Directions — After reading the entries below, copy word for word the lines from the first through the line containing "Huyện Lang Chánh tăng cường bảo vệ rừng", and stop there.

#### Provided information ####

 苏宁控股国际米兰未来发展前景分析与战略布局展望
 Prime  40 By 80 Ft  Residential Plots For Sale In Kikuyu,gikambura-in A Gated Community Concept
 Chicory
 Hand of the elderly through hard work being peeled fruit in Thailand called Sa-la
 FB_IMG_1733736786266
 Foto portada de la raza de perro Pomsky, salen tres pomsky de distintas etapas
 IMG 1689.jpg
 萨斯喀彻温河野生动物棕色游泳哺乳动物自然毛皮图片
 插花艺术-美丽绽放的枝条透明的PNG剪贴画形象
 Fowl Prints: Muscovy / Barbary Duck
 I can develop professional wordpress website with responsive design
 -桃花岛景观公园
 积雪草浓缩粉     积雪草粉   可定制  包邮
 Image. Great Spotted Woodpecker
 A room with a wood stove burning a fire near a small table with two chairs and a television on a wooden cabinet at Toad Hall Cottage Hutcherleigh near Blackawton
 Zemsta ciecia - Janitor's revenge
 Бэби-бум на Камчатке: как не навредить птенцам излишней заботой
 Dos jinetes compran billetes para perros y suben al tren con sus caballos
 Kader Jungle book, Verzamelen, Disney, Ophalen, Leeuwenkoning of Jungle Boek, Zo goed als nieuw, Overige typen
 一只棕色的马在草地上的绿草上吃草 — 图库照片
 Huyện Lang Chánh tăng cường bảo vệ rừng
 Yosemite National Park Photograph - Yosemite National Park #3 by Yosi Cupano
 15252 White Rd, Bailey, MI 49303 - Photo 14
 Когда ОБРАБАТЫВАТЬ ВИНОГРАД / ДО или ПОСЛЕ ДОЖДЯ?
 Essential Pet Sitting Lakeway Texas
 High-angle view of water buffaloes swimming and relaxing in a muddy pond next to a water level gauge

####

Answer to this exercise —
 苏宁控股国际米兰未来发展前景分析与战略布局展望
 Prime  40 By 80 Ft  Residential Plots For Sale In Kikuyu,gikambura-in A Gated Community Concept
 Chicory
 Hand of the elderly through hard work being peeled fruit in Thailand called Sa-la
 FB_IMG_1733736786266
 Foto portada de la raza de perro Pomsky, salen tres pomsky de distintas etapas
 IMG 1689.jpg
 萨斯喀彻温河野生动物棕色游泳哺乳动物自然毛皮图片
 插花艺术-美丽绽放的枝条透明的PNG剪贴画形象
 Fowl Prints: Muscovy / Barbary Duck
 I can develop professional wordpress website with responsive design
 -桃花岛景观公园
 积雪草浓缩粉     积雪草粉   可定制  包邮
 Image. Great Spotted Woodpecker
 A room with a wood stove burning a fire near a small table with two chairs and a television on a wooden cabinet at Toad Hall Cottage Hutcherleigh near Blackawton
 Zemsta ciecia - Janitor's revenge
 Бэби-бум на Камчатке: как не навредить птенцам излишней заботой
 Dos jinetes compran billetes para perros y suben al tren con sus caballos
 Kader Jungle book, Verzamelen, Disney, Ophalen, Leeuwenkoning of Jungle Boek, Zo goed als nieuw, Overige typen
 一只棕色的马在草地上的绿草上吃草 — 图库照片
 Huyện Lang Chánh tăng cường bảo vệ rừng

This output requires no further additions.